In this article, we will summarize the Air Force's physical requirements, how the Air Force scores its physical fitness test and tips to help you prepare.

What is the Air Force Physical Fitness Test?

The Air Force Physical Fitness Test (PFT) is a physical assessment given to recruits during one of the final weeks of Air Force Basic Military Training (AFBMT). In addition, active members of the Air Force are also required to complete the PFT once a year. All current and potential airmen must maintain a high level of physical fitness to stay in the Air Force.
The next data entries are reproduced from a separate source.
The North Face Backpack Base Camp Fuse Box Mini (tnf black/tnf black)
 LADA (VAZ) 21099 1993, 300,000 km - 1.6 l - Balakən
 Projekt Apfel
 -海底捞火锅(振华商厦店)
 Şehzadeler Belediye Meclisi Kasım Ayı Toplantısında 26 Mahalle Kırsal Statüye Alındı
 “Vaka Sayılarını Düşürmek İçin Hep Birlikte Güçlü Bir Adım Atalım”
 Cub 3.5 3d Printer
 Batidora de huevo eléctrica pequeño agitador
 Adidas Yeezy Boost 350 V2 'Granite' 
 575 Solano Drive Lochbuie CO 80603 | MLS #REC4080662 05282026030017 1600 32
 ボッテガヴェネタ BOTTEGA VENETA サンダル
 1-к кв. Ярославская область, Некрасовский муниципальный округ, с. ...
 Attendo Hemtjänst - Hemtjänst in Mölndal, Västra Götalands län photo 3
The PFT includes the following:

  • Sit-ups: Enlistees and airmen complete this exercise to ensure they have the core strength to aid in balance, dynamic movement and overall physical strength necessary for service in the Air Force.

  • Push-ups: Enlistees and airmen perform push-ups to show they have the level of upper-body strength that is frequently needed to lift and carry equipment and perform dynamic movements and other tasks.

  • 1.5-mile run: This timed run ensures airmen and recruits have the cardiovascular endurance needed for military service.

Air Force physical requirements

The Air Force has different physical requirements for those entering Basic Military Training and for those about to graduate from training. Knowing about and preparing for the requirements will help those at every stage of the airman's journey, from enlistee to longtime active-duty airman.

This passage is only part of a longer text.